Beberapa waktu kemudian, Tata datang kembali ke toko bangunan tersebut untuk memulai proses mencicil bahan bangunan. Pihak toko pun hanya memberi dua syarat yang harus dipenuhi Tata agar bisa berhutang di situ yakni tahan BPKB motor dan harus belanja minimal sejuta atau dua juta sebagai tanda jadi.
“Setelah itu prosesnya normal sih, kita yang ambil barang aja terus. Lumayan sih kemarin saya ambil barang dan bahan bangunan sampai 13 jutaan gitu. Memang nggak ada batasan mau ngutang berapa. Cuma saya ngerasa nggak enak juga mau ambil banyak dan melebihi nominal itu.”

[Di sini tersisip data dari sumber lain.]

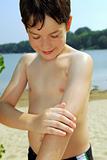 Boy applying sunscreen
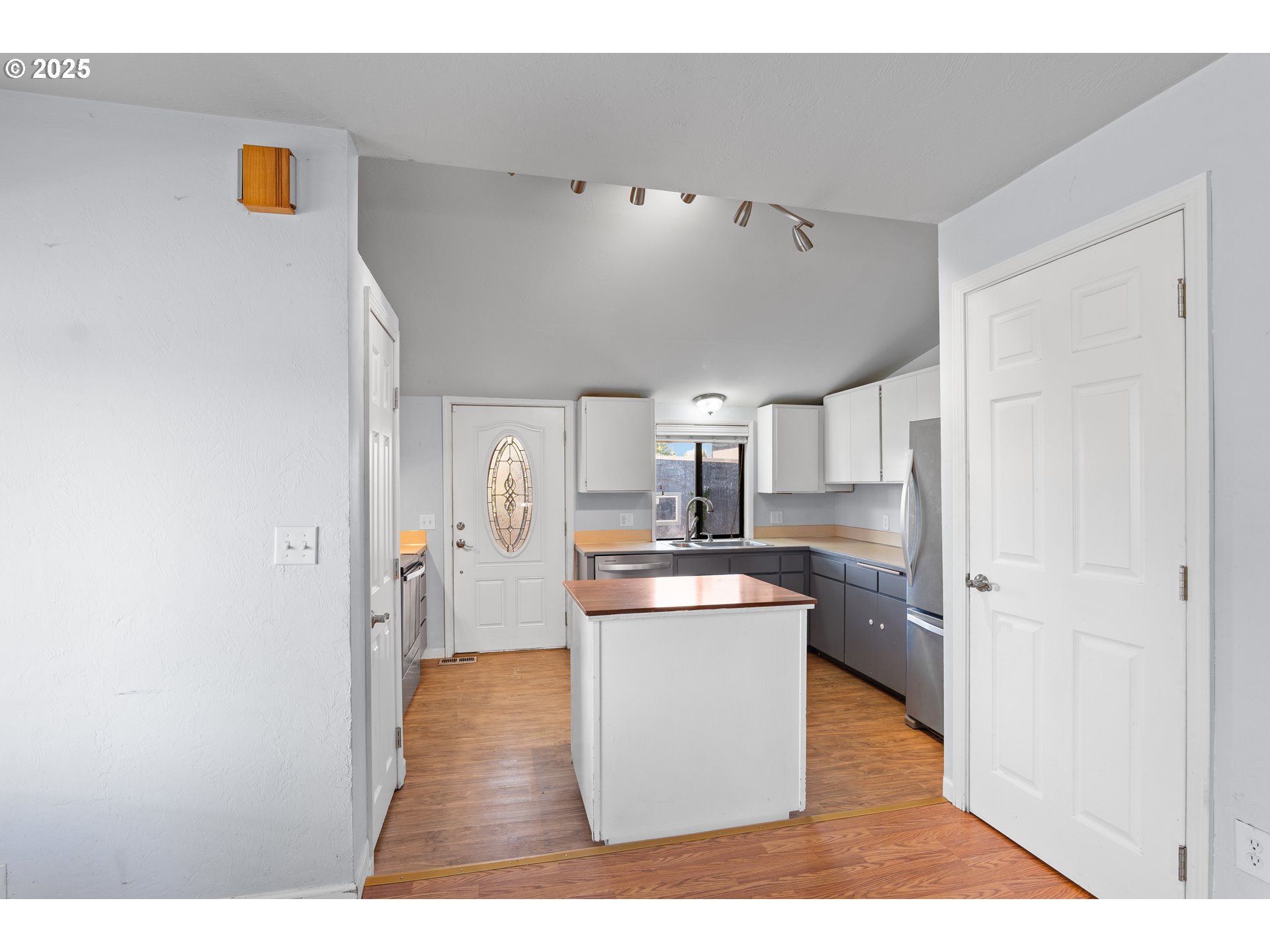 1021 Deal Street Junction City, OR 97448 - Photo 12 of 43 a kitchen with stainless steel appliances a stove top oven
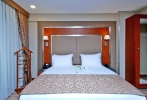 Кровать или кровати в номере Dosso Dossi Hotels Old City 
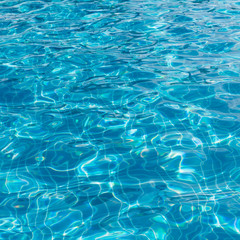 Background of rippled pattern of clean water in a blue swimming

Menurut Tata, adanya cicilan di toko bangunan tentu saja sangat membantu apalagi di tengah pandemi yang juga berdampak pada kondisi ekonomi. “Jadi terasa ringan aja, biaya kehidupan sehari-hari juga jadi aman. Dengan tidak mengeluarkan dana besar sekaligus itu sangat membantu.”
Untuk cicilan per bulannya, Tata menyebut pihak toko bangunan tak mematok nominal, bahkan membebaskan kepadanya. “Ibunya bilang ‘terserah bapak mau berapa, yang penting ada aja setiap bulan’, beliau bilang gitu. Tapi karena ngerasa nggak enak juga, jadi saya yang netapin sendiri dengan bayar sejuta per bulan, jadi totalnya 13 bulan cicilan dan pihak toko pun setuju saja.”
Pada akhirnya, dari generasi ke generasi, ekspektasi kita terhadap rumah di ibu kota terasa semakin jauh dari harapan. Di saat generasi orang tua kita sanggup punya rumah di Jakarta, generasi kita hanya sanggup punya rumah di pinggir Jakarta. Lantas, apa kabar generasi di bawah kita?